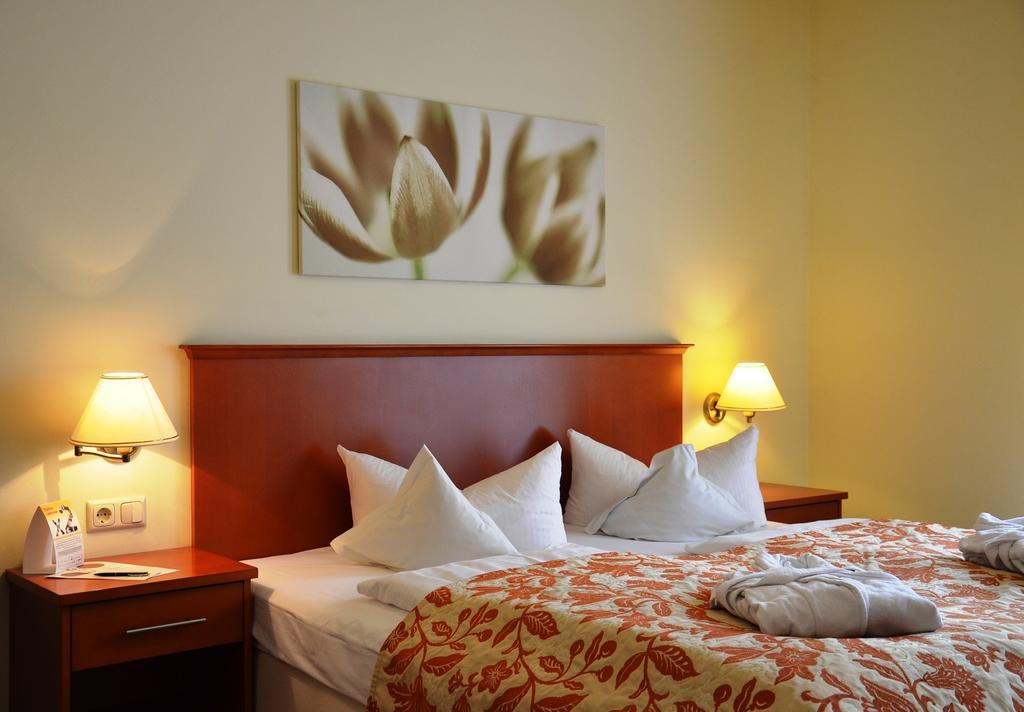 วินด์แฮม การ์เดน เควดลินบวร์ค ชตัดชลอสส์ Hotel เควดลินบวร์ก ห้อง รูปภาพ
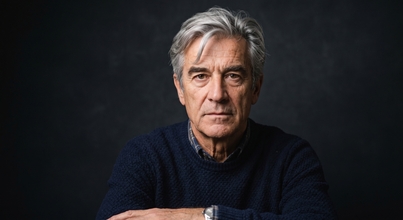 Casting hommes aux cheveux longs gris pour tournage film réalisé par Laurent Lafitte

==

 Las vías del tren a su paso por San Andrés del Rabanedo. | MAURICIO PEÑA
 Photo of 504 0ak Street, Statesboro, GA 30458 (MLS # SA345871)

--

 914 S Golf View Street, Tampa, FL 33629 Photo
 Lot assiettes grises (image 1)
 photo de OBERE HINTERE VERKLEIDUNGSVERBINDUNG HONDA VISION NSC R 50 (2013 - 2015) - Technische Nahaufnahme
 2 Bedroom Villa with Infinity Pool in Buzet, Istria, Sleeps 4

**Task requirements**:
Return every line from the material that contains the word "Street".

**Result of the task**:
 Photo of 504 0ak Street, Statesboro, GA 30458 (MLS # SA345871)
 914 S Golf View Street, Tampa, FL 33629 Photo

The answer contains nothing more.